The two were alone together so long that after forty minutes, I tapped on the bedroom door and entered. I overheard Papa say, “Never fear, Chris. I have the document here safe in my box.” When he saw me, Papa begged I would excuse them a little longer and assured me the consultation was no longer medical but legal. His words were cheerful. And yet the weight of grief in his eyes convinced me they were discussing that society-shaking lawsuit on which I partially blamed his attack. I gave them the time it would take me to fetch the doctor a dram of my father's best whisky. After that, business talk must wait till Monday.

On his departure, Dr. H. authorized his patient to get out of bed for an hour or two. Wrapped in a pearl grey dressing
gown, Papa went straight to a window overlooking the harbour. As you know, Isaac, no house in town has windows the size of his, as his bills for heating fuel each winter can attest. This day, however, no window would have been large enough. He must throw up the nine-pane sash, stick his great white head out into the street and have a proper look around.

The panorama he commanded was of Toronto on semiofficial holiday. Orangemen in a position to do so seemed to have given themselves a Saturday off work, while the rest made work as little burdensome as possible. Stevedores passed whisky bottles between lifting bales. More pleasure craft than usual sat with limp sails on the glassy bay, and the steam ferries to the peninsula wove less certainly than usual between them. At the foot of Bay Street bathers waded into the foul harbour waters for some relief from summer's heat. Behind them on the Esplanade, an impromptu horse race almost bowled over wearers of the newest and brightest hoop skirts, while a locomotive lazily shunting cars into the semblance of a train counterpointed with its puffs and clangs a brass band marshalling for the parade.

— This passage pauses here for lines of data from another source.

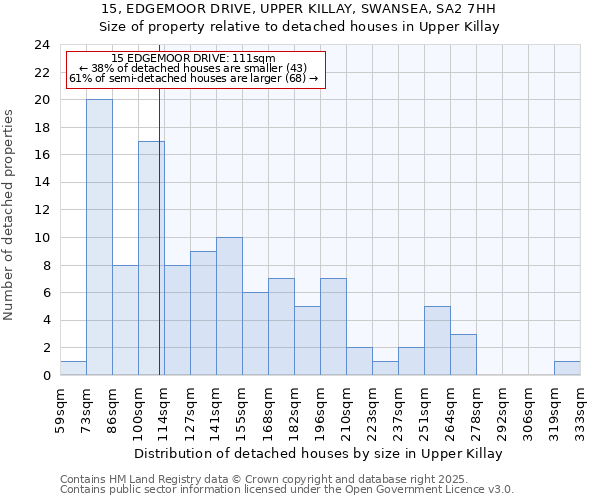 15, EDGEMOOR DRIVE, UPPER KILLAY, SWANSEA, SA2 7HH: Size of property relative to detached houses houses in Upper Killay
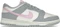 Nike Dunk Low (Damen) Vorschaubild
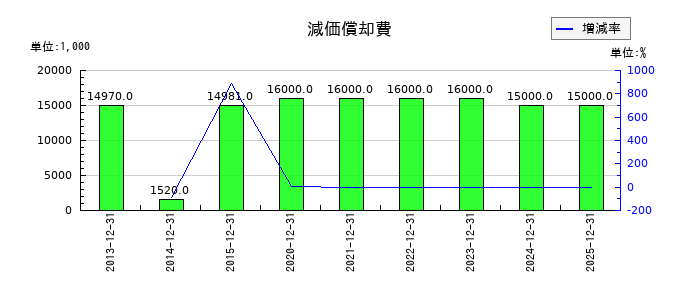 東洋炭素の減価償却費の推移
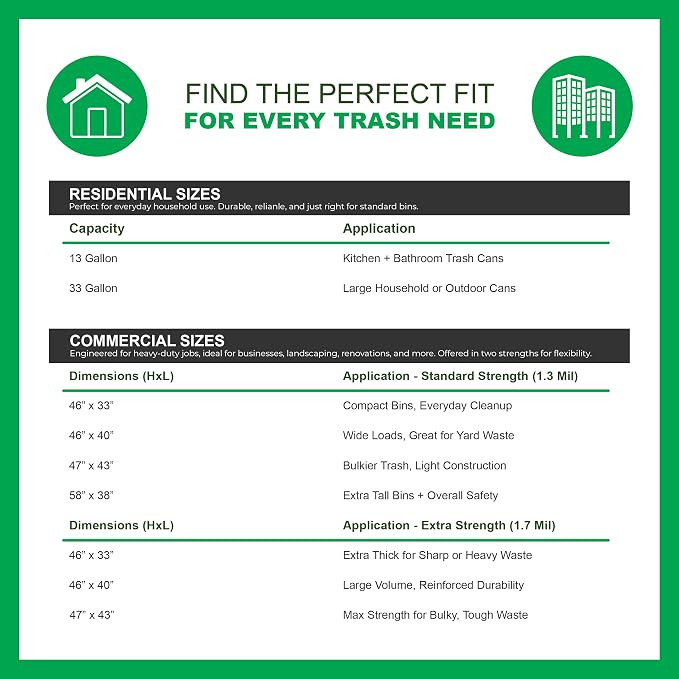 Mint-X MintFlex Rodent Repellent Trash Bags, Tall Kitchen Drawstring Bags, 1 FT 11 ¾ Inches X 2 FT 1 Inch, 0.90 MIL, 13 Gallon, 40 Count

When at last I coaxed Papa inside and combed the smuts from his mane, his thick eyebrows were bristling gloomily. He fretted that the open view his house enjoyed would not be open much longer. When the aldermen had allowed railway track to be laid along the water's edge, he said, the Esplanade's fate had been sealed. It was axiomatic. Where railways ran, warehouses and factories would cluster. City Council, dominated though it was by railway men, would have to move their City Hall uptown just to escape the stench. Villas such as Bishop Strachan's and Papa's would become uninhabitable, valuable only for the land beneath them.

I reminded Papa he was not in Parliament and need not repeat himself.

“Well, terrier,” he replied, “I've constituents with more pressing problems. I had best look to my long-neglected correspondence.”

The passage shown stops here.